Jobs to go as public work is privatised

Friday June 26, 2020

Published by The Border Watch

By Raquel Mustillo

State Government moves to outsource maintenance

SIX full-time positions at Mount Gambier’s Department of Planning, Transport and Infrastructure (DPTI) office could be axed next year as the State Government moves to privatise the management of maintenance at government facilities.

Facilities Services - a government contractor providing planned and unplanned maintenance, minor works, small construction works and property-related services for public buildings - will be outsourced from late 2021.

The facilities management arrangements is overseen by DPTI and provides services for the region’s health, corrections, education and police assets.

As well as grounds and waste management, Facilities Services also provides cleaning, hygiene and security services, energy, water and waste services and hazardous materials management.

In Mount Gambier, six full-time positions and contractors employed by the service could be lost by December 2021.

A Transport Department spokesperson said under the new model, suitably qualified sub-contractors will be responsible for facilities management and project work and local sub-contractors will continue to be used. 

“DPTI have recently started a market sounding process, following which a procurement process with a lengthy transition period will occur,” the spokesperson said.

“Importantly, existing arrangements, including the provision of service under the current Across Government Facilities Management Arrangements will remain in place until late 2021.

“Until this process has sufficiently progressed, we are unable to determine what impact this will have on impacted DPTI employees.

“DPTI is committed to a genuine and open consultation process in accordance with the provisions of the relevant industrial instruments, including Enterprise Agreements.”

However, the state’s peak public sector union said the decision to privatise the service was a “slap in the face to small businesses in regional areas”.

Public Service Association general secretary Nev Kitchin claimed the contact will go to a large multinational organisation, resulting in significant losses for local contractors.

“When multinationals take over government managed c o ntracts they seek to maximise profits for themselves, often by using their own workers to the exclusion of local contractors,” he said.

“The State Liberal Government says they support regional communities, yet here they are turning their backs on country people when they need more support, not less.

“The public are not in favour of privatisating public services, especially when it means local jobs will be lost and costs will go up.

“That’s exactly what will happen in regional areas if government facility maintenance work is sold off.”

Member for Mount Gambier Troy Bell said the decision would impact the region particularly hard, with smaller contractors, tradespeople and small business operators unable to compete with larger statewide companies.

Mr Bell said larger organisations would “undercut costs to land contracts”.

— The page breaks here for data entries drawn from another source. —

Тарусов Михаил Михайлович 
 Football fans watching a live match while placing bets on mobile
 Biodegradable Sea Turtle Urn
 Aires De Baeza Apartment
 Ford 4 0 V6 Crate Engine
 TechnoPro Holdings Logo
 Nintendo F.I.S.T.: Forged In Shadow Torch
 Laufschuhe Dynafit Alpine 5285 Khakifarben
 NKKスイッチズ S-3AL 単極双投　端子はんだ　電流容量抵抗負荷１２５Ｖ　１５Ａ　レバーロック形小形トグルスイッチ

“Privatisation may mean greater efficiency and competition but it comes at a cost and that’s local jobs and decisions being taken away from the regions they affect,” he said.

“Facing job losses or uncertainty at this current time is disconcerting for anyone and there are six full-time jobs at stake in our local office and many more around the regions.

“From a pool of 8000 contractors DPTI currently uses, this may mean the number will shrink down dramatically to just those bigger operators and those smaller operators and family businesses will miss out.

“Before the last state election, there was a promise by the Liberals that privatisation was not on the agenda.

“That’s why this announcement seems to have flown under the radar.”